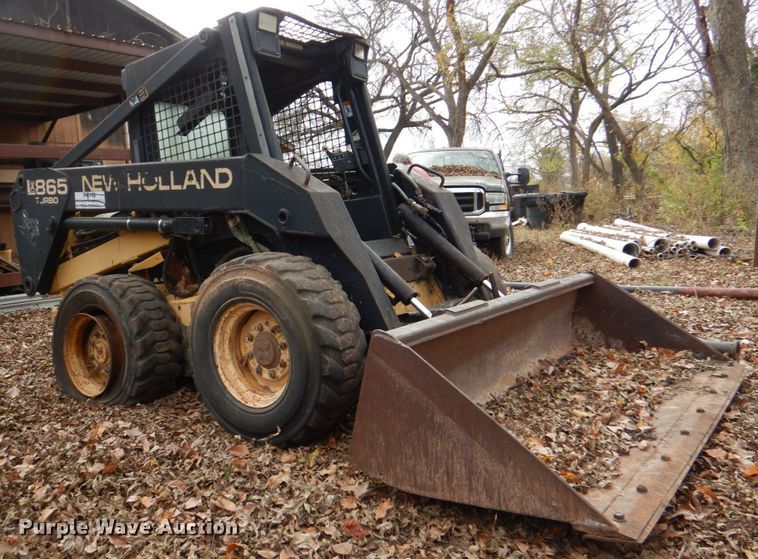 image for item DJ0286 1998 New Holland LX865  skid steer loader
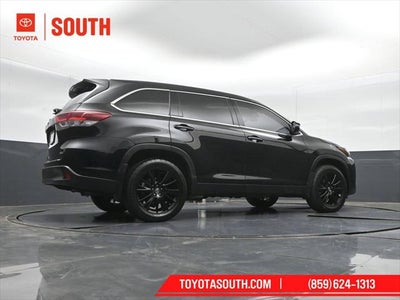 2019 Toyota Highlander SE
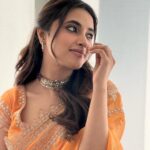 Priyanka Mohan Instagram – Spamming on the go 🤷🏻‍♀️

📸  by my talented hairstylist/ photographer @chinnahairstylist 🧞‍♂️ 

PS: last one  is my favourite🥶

----

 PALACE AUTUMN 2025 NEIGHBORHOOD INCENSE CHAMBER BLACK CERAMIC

----

● Task details
Your task is to retype the entries verbatim, starting with the line that holds "photographer @chinnahairstylist 🧞‍♂️" and stopping after the line that holds "PS: last one".

● Solution to this exercise
📸  by my talented hairstylist/ photographer @chinnahairstylist 🧞‍♂️ 

PS: last one  is my favourite🥶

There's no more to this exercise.